В 1950–1960‐е таким молодым человеком был Александр Арефьев, лидер ленинградского нонконформизма. В его рисунках и картинах, сделанных на картонках, драма античности осуществлялась на улицах Ленинграда так, как это одновременно происходило у Пазолини в его фильме «Царь Эдип». Здесь не имперская академия перемалывала классику в пыль, но сами Прометей, Прокруст воплощались в теле советского социума. Когда на смену поколению Арефьева пришло поколение Новикова, этот потенциал социального понимания классики был уже практически исчерпан, наступило время позднесоветского декаданса (1970–1980‐е), внутри которого Новиков со свойственным ему от природы футуризмом стал сопротивляться энтропии, сначала со всей силой дикого экспрессионизма, позднее утверждая ценность идеального образа, пусть даже и в современной поп-культуре.

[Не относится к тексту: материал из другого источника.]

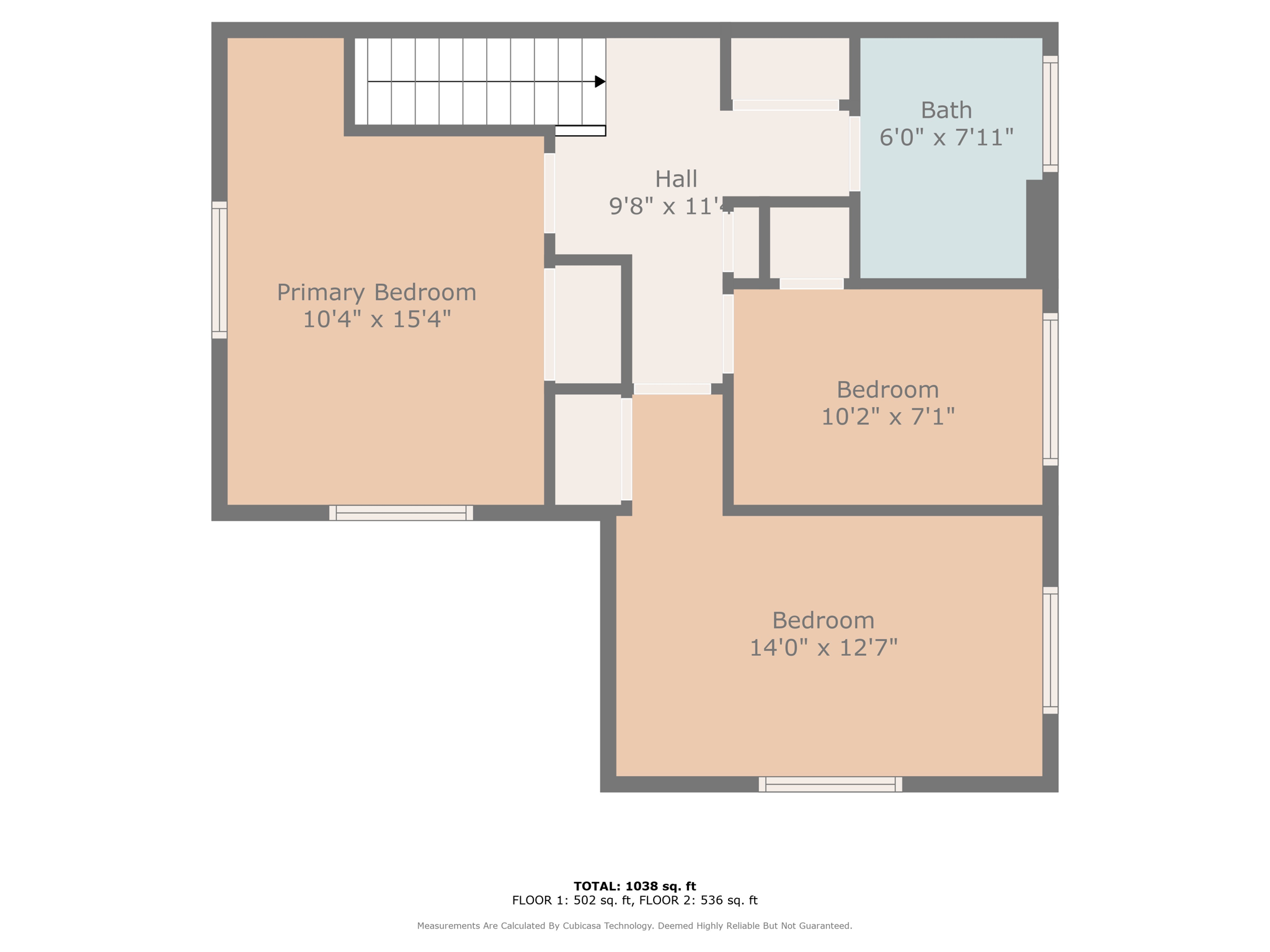 Floorplan #2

В 1998 году, провозглашая «Новую серьезность», Новиков стремился очистить классическую образность от приемов новейшей клипово-комиксной культуры, хотя и не стал догматично придерживаться этого стремления. Профессора и студенты Новой академии, с одной стороны, получили заказ рисовать карикатуры на модернизм (выставка карикатур была устроена в Музее политической истории России – особняке Кшесинской), с другой же стороны, Новиков призвал их стать серьезными и отказаться от иронического отношения постмодернизма к искусству прошлого и настоящего. «Новую серьезность» Новой академии Тимура Новикова инспирировало духовное перерождение Дениса Егельского, который зашел в своих поисках идеала так далеко, что предложил закопать барочные статуи Летнего сада как уродливые образцы, компрометирующие классический канон. В ответ на вызов Егельского Новиков устроил 23 мая 1998 года на форте Кронштадта «сожжение всяческих сует», посвященное Дж. Савонароле. Художники, писатели и все желающие могли сжечь любого рода греховные, с их точки зрения, произведения и артефакты. Новиков сжег свою эротическую работу начала 1990‐х «Розовый вечер», Мамышев – обложки молодежного журнала «Птюч» со своим портретом, причем на каждой фломастером было написано название того или иного греха, которому Монро поддался, Маслов бросил в огонь картину «Конец концов», или «Кончало кончал» (второе название отсылает к известной парной картине Г. Курбе «Начало начал»). Новые серьезные – Егельский, Гурьянов, Макаров, Остров и Андрей Медведев – были твердыми противниками постмодернистской иронии и комикса. Если Гурьянову в своем творчестве было нечего менять, так как он изначально понимал, как важно быть серьезным, то Макаров и Егельский, также всегда серьезные, сосредоточили свои усилия на поиске такого формального языка, который делал бы очевидной духовную природу искусства.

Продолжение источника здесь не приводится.